3 Coaching Books to Help You Be a More Inspiring Manager
The Weekly Brief: Quick Tips & Tools to Apply in Your Work
What separates average managers from truly great ones? One key quality is the ability to develop and inspire employees. For this week’s back-to-school installment we recommend three books—and a bonus video—to help you adopt a stronger coaching mentality and become a more inspiring leader.
To be an effective coach, you have to ask a lot of questions. But asking the right questions, in the right way, takes skill. Author Tony Stoltzfus offers practical models, tools, and strategies for inquiry. He also provides examples of powerful questions and discusses how to correct common coaching mistakes.
If you find the practice of coaching a challenge, author Michael Bungay Stanier provides tools for coaching successfully—and for building the habit into your day-to-day work. To help you shift from advisor to coach, he outlines seven different types of questions that can help you explore challenges, focus conversations, work more efficiently, and more.

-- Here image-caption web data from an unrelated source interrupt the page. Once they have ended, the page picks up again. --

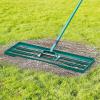 Lawn Leveling Rake 36″x10″ with 78″ Handle, Compost Spreader with 24.4-25.6″ Adjustable Handle and 24″ Basket for Spreading Manure Topsoil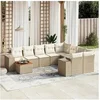 Image de Salon de jardin modulable beige resine tressee 10 pieces 62 x 62 x 69 cm 9 personnes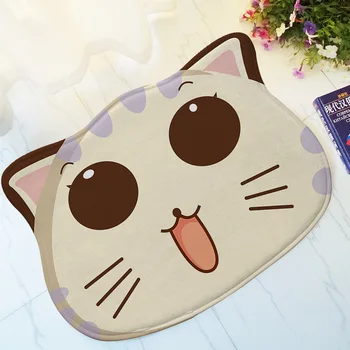 

Cartoon Cat Face Floor Mat Creative Home Decoration Door Mat Flannel Non-slip Absorbent Bath Mat Entrance Door Rug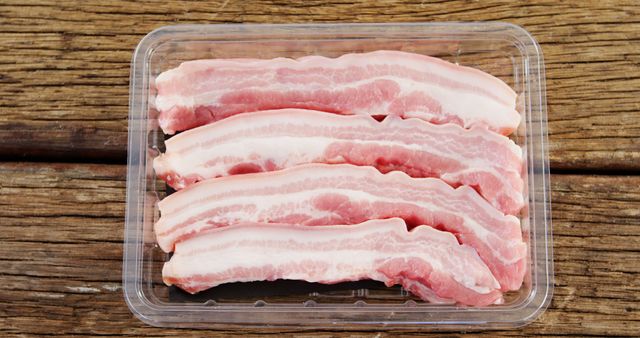 Packaged Raw Bacon Strips on Wooden Surface - Download Free Stock Images Pikwizard.com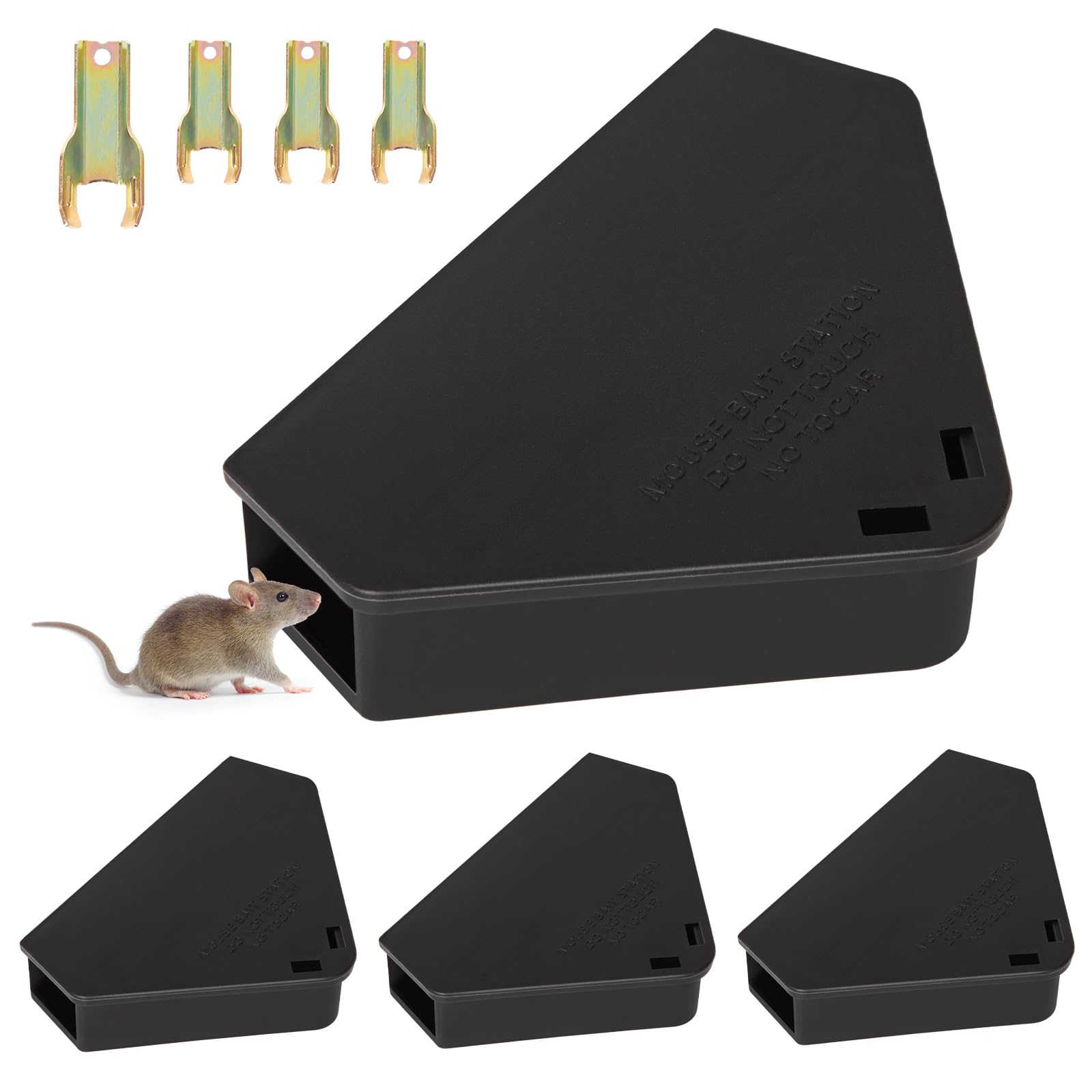 Mouse Station with Keys Black 4 Pack, Key Required Mouse Stations, Mice Stations, Keeps Children and Pets Safe Indoor &amp; Outdoor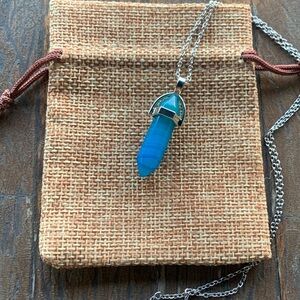 Blue Agate Necklace Onyx Pendant Crystal Point Necklace Crystal Necklace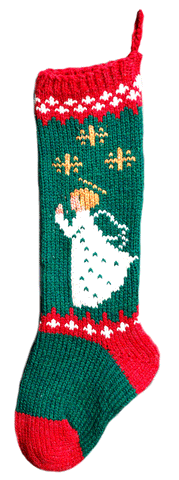 CS Christmas angel green classic stocking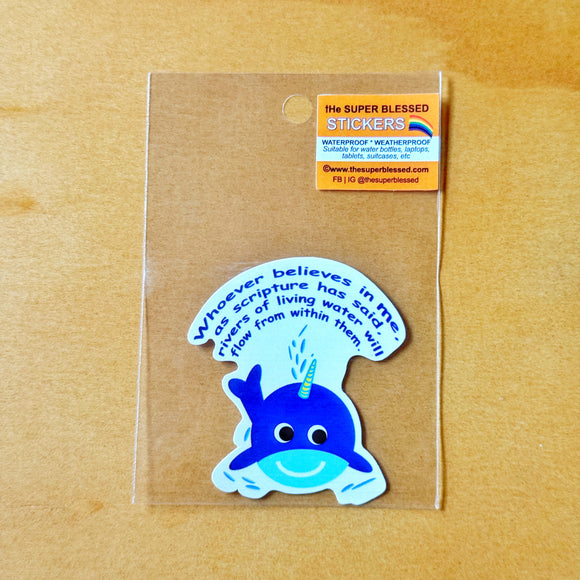 Living Water Whale Christian Waterproof Sticker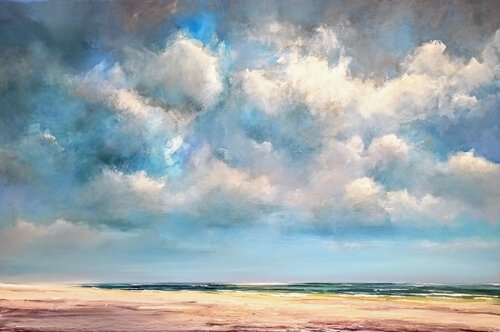 Wadden Sea, breath of the horizon van Wim Van De Wege, Schilderij te koop op Singulart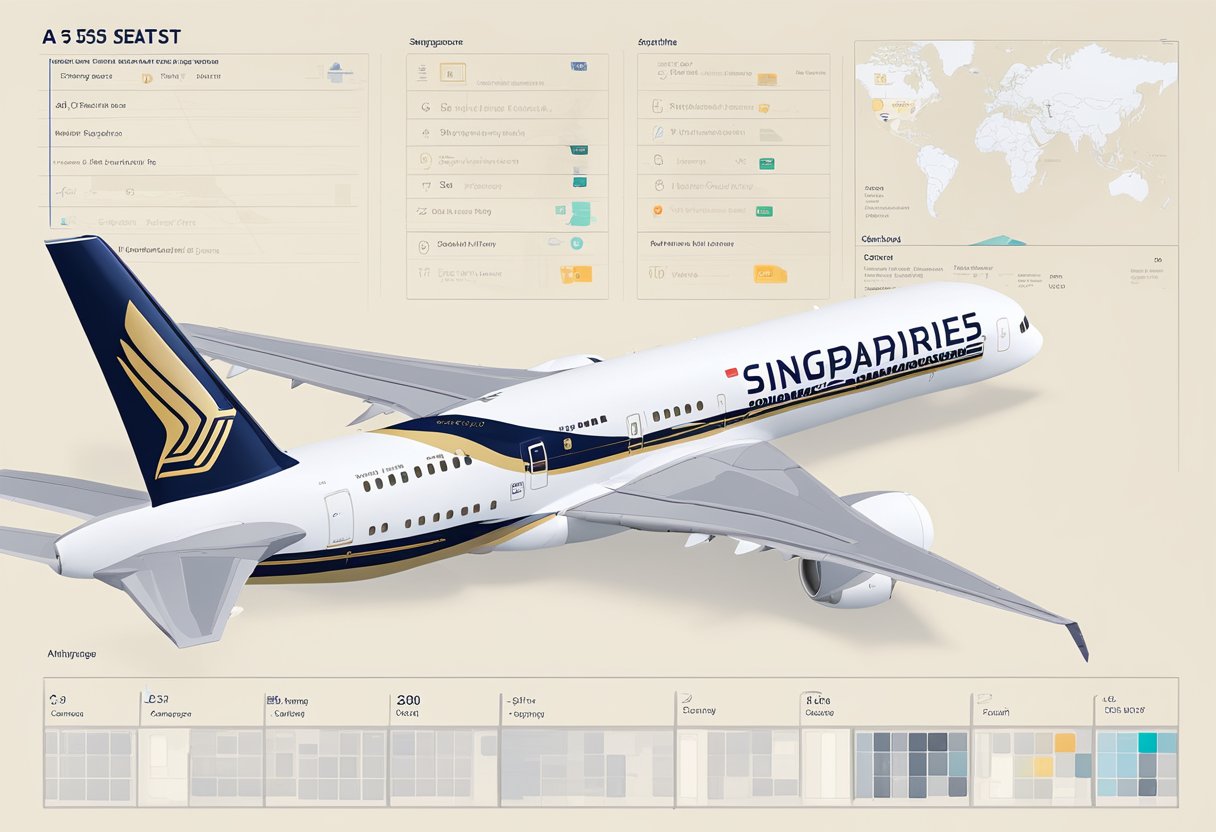 The Singapore Airlines A350 seat map is displayed on a digital screen, with rows of seats and cabin layout clearly labeled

Michael K. Simpson champions the idea that helping people thrive in their work helps organizations thrive overall. And every manager–coach must begin by building trust. In this book, Simpson provides strategies for establishing trust, then moves through six other key skills, including tapping into one’s potential, inspiring commitment, and seeing goals come to fruition.
The Puzzle of Motivation
In his TED Talk, career analyst Dan Pink challenges us all to rethink the way we motivate employees. In essence, Pink emphasizes three points that every manager–coach should put into practice: give people autonomy, support their ongoing growth and development, and emphasize the greater purpose of their work.